Based on the unsupervised K-means clustering analysis of DMPs and in the literature data, two differentially methylated CpGs (cg06702993 and cg11267527) of CXCL12 were evaluated. Triple-negative IBC showed a significant decrease in DNA methylation levels of CXCL12 compared to non-triple-negative samples (p = 0.0481). These findings are in accordance with the expression levels of CXCL12 of TCGA-BRCA stages III-IV, showing a decreased expression in advanced tumors compared to normal samples and TNBC.

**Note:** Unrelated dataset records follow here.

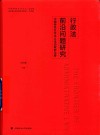 行政法前沿问题研究  中国特色社会主义法治政府论要 封面
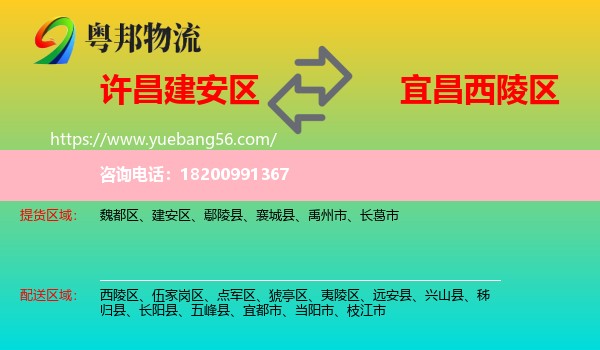 建安區(qū)到西陵區(qū)物流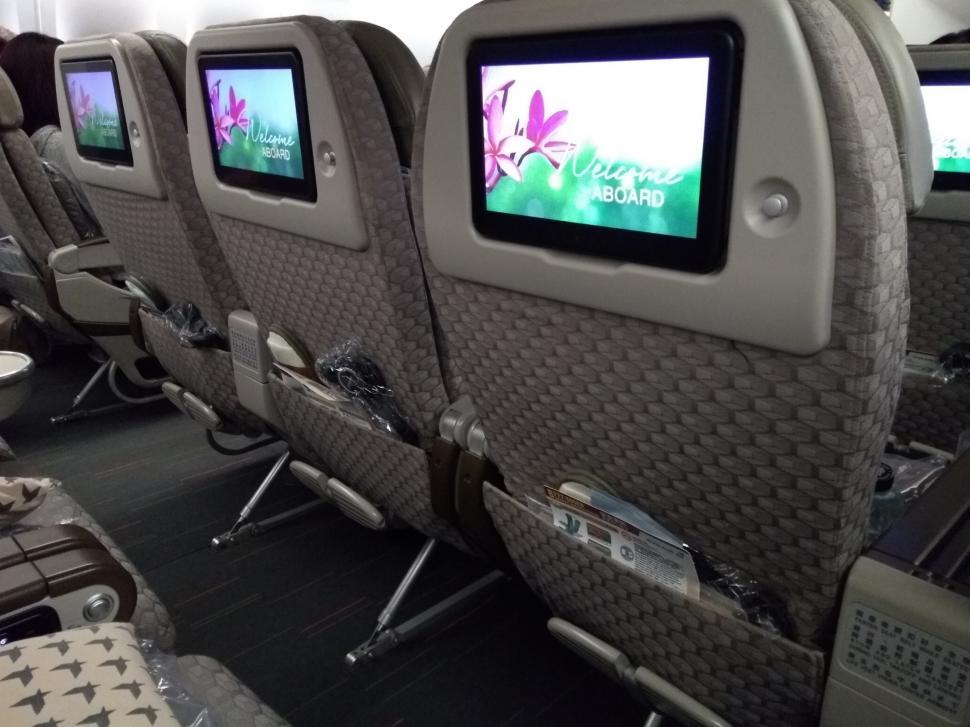Free Image of Airplane Seats  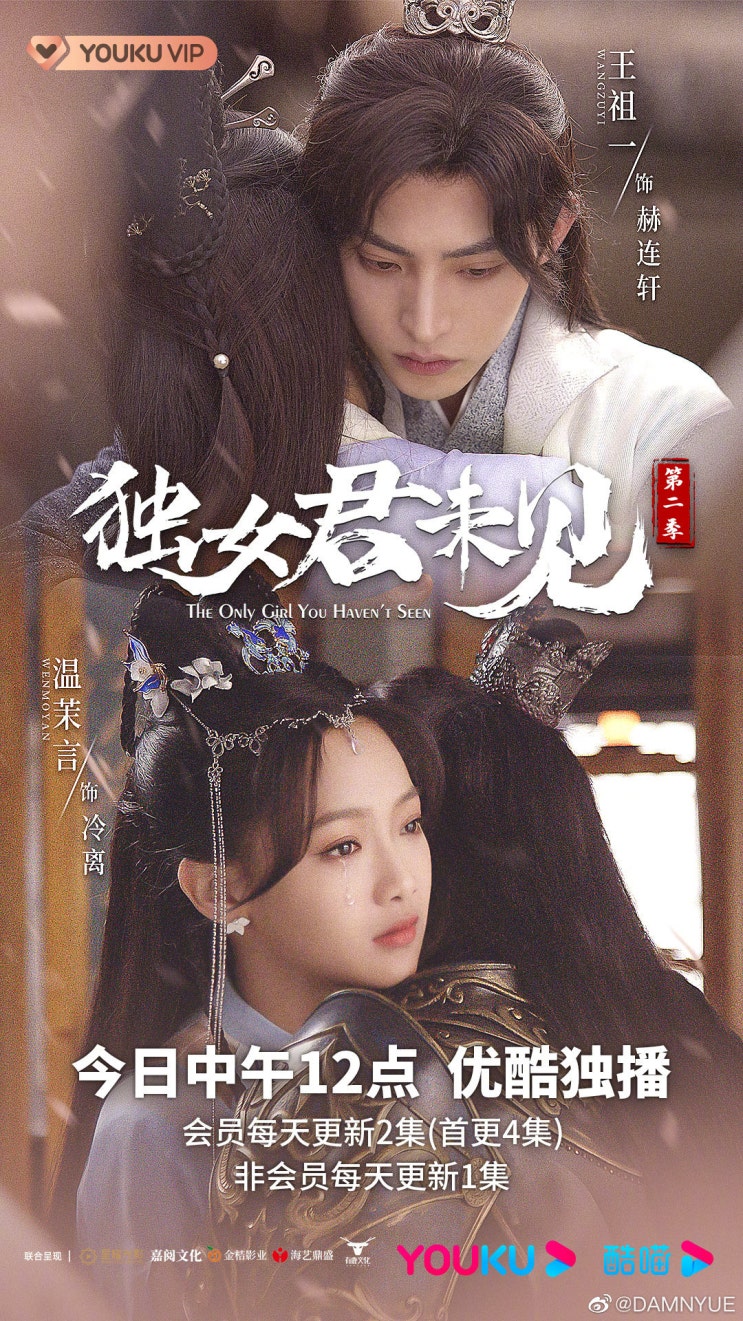  독녀군미견(独女君未见)OST 군부견(君不见) 가사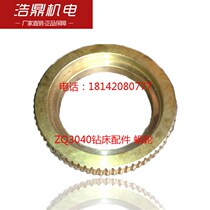 ZQ3040 drilling K machine accessories worm gear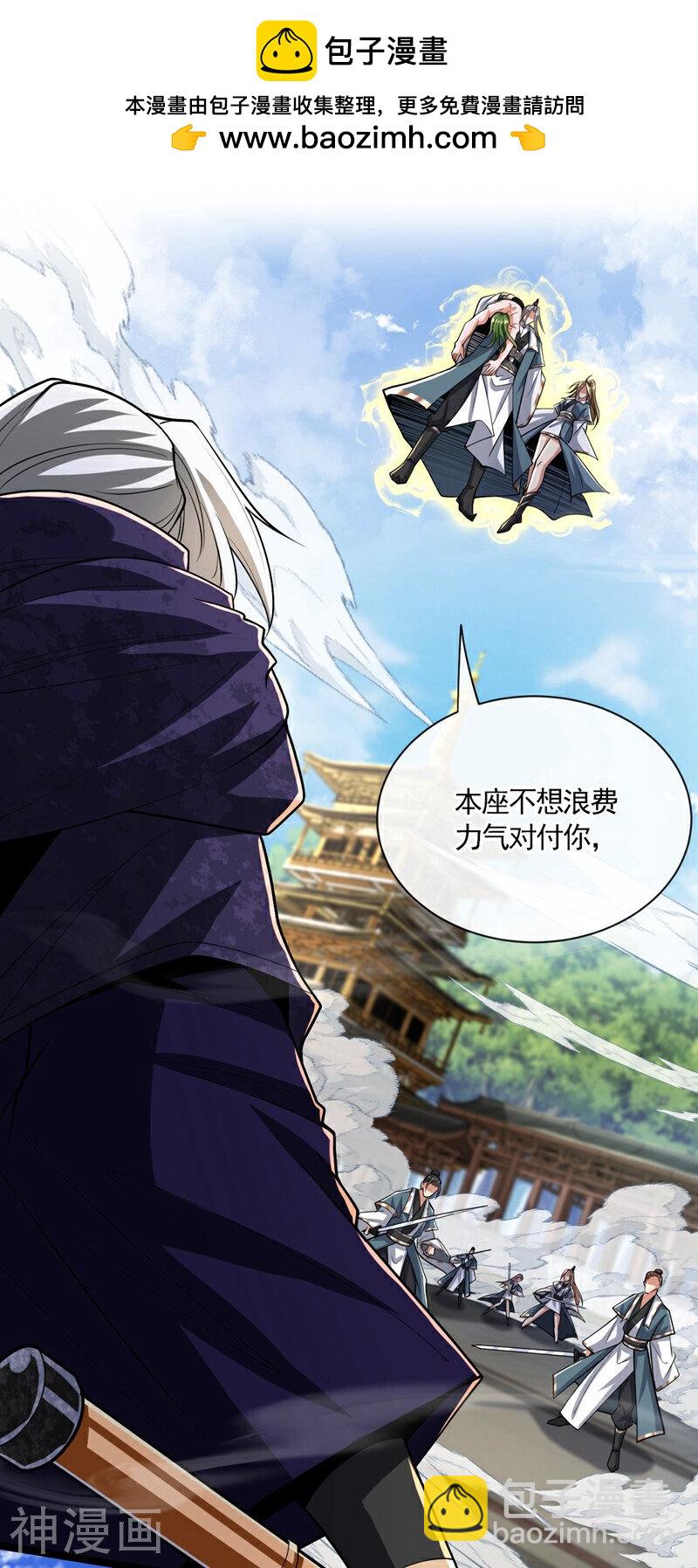 第149话 你！是降是死！-第149话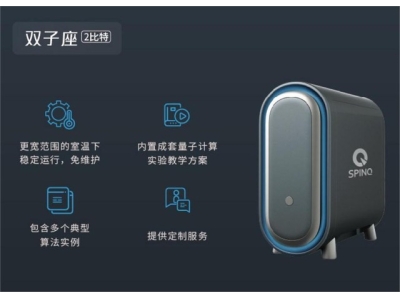 韶山深圳量旋 桌面型核磁量子计算机
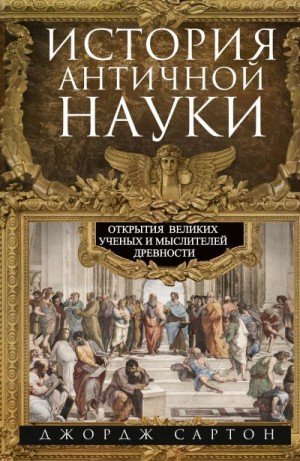 Сартон Джордж - История античной науки. Открытия великих ученых и мыслителей древности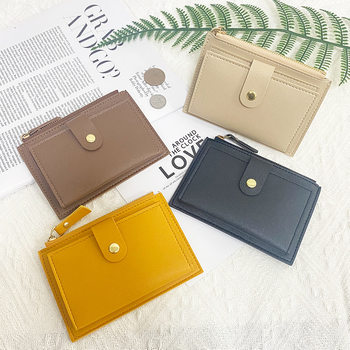 Women's Ultra-Thin Card Holder Korean Style Coin Purse Zipper Card Holder Solid Color Bus Student Bank Card Holder Campus Card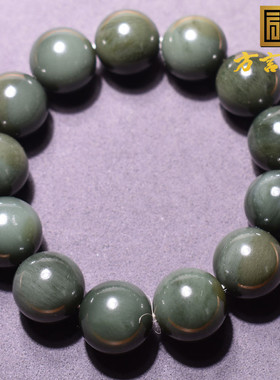 精品俄罗斯黑碧猫起荧光碧玉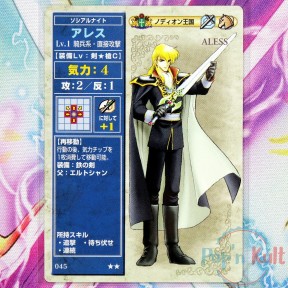 Fire Emblem Card 045 ★★...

We selected four differentially methylated CpGs extracted from the DMR of TBX15 (10 analyzed), which were also altered in TCGA-BRCA dataset. We confirmed increased methylation levels in IBC compared to normal samples. Triple-negative tumors presented increased methylation levels of TBX15 compared with non-triple-negative IBC cases. The expression level of TBX15 was confirmed as significantly decreased in advanced BC tumors (TCGA-BRCA stages III-IV) and IBC (GSE45581) compared to normal samples (Fig. 3G). In addition, we found a significant negative association between methylation levels of TBX15 and obesity (cg14565725, OR 0.9182, CI 0.8332 to 0.9864, p = 0.0004; cg07892597, OR 0.9391, CI 0.8661 to 0.9996, p = 0.0486; cg10703826 OR 0.9336, CI0.8690 to 0.9892, p = 0.0184; and cg24884142, OR 0.8864, CI 0.7909 to 0.9659, p = 0.0042).